#### [ACTIVITY]
Look at the data below and print exactly the lines from its first line through the line with "Luftaufnahme von Herxheim, Rennbahn"; the pictures stay out of the copy.

────────────────────

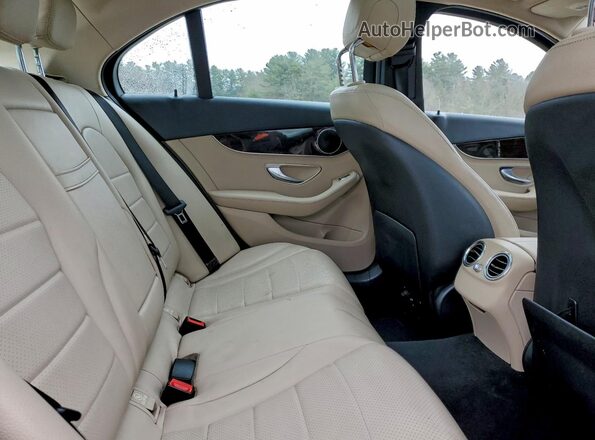 55SWF4KBXGU142042 2016 MERCEDES-BENZ C Black Вид задніх сидінь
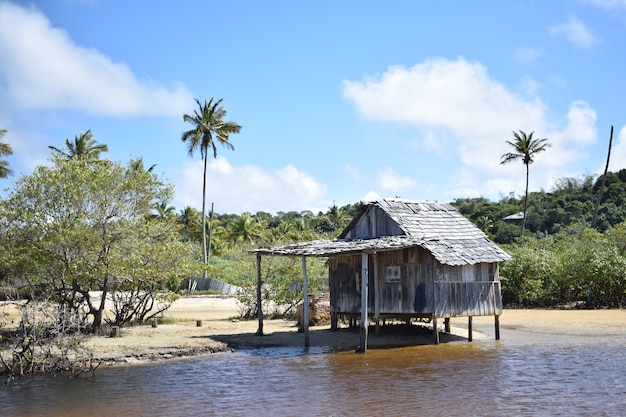 Houten huis aan de rand van de rivier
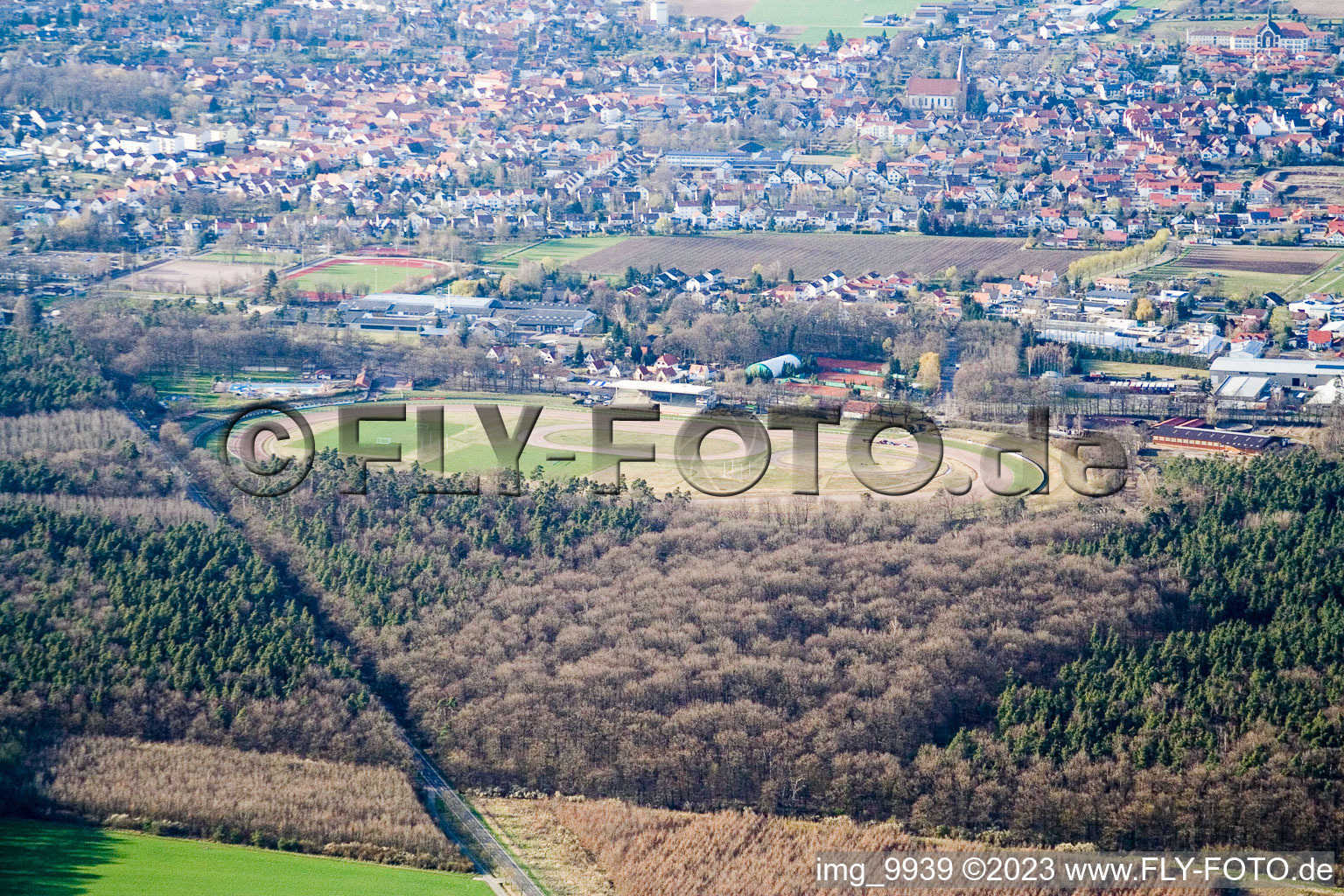 Luftaufnahme von Herxheim, Rennbahn in Herxheim bei Landau/Pfalz im Bundesland Rheinland-Pfalz, Deutschland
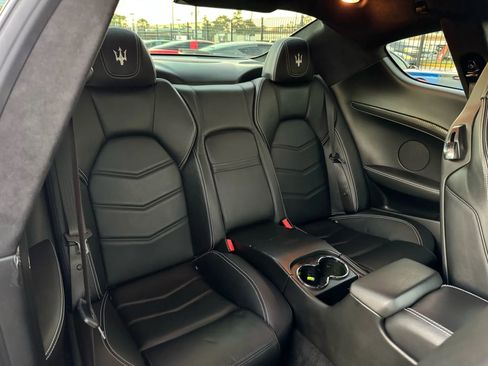 Used 2013 Maserati GranTurismo Sport image 26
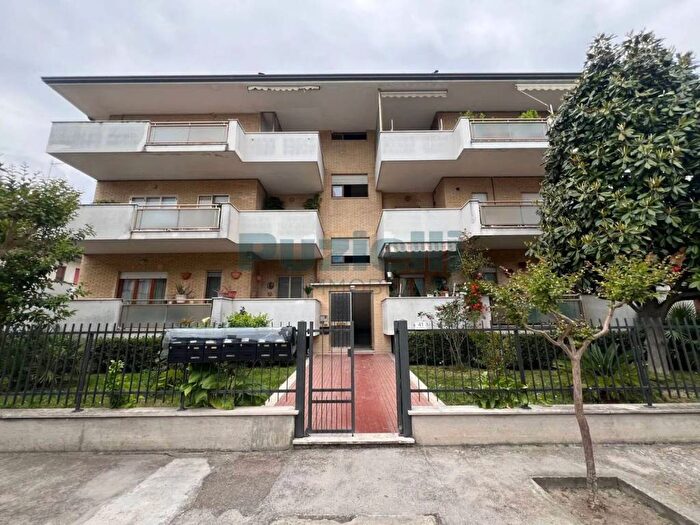 Appartamento con 6 locali in vendita in Via Venezia, Porto San Giorgio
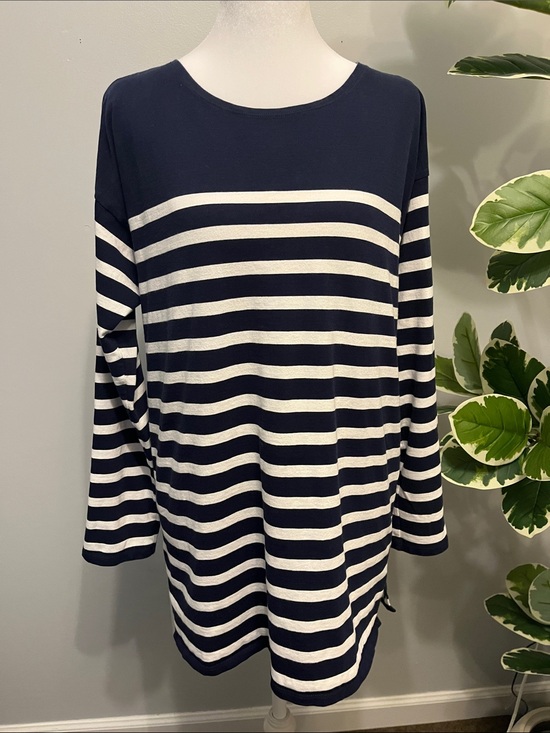 J. Crew Tops - J. Crew Women’s Navy and White Nautical Crewneck Long sleeved Knit Tunic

────────────────────

#### [RESPONSE AREA]
 55SWF4KBXGU142042 2016 MERCEDES-BENZ C Black Вид задніх сидінь
 Houten huis aan de rand van de rivier
 Luftaufnahme von Herxheim, Rennbahn in Herxheim bei Landau/Pfalz im Bundesland Rheinland-Pfalz, Deutschland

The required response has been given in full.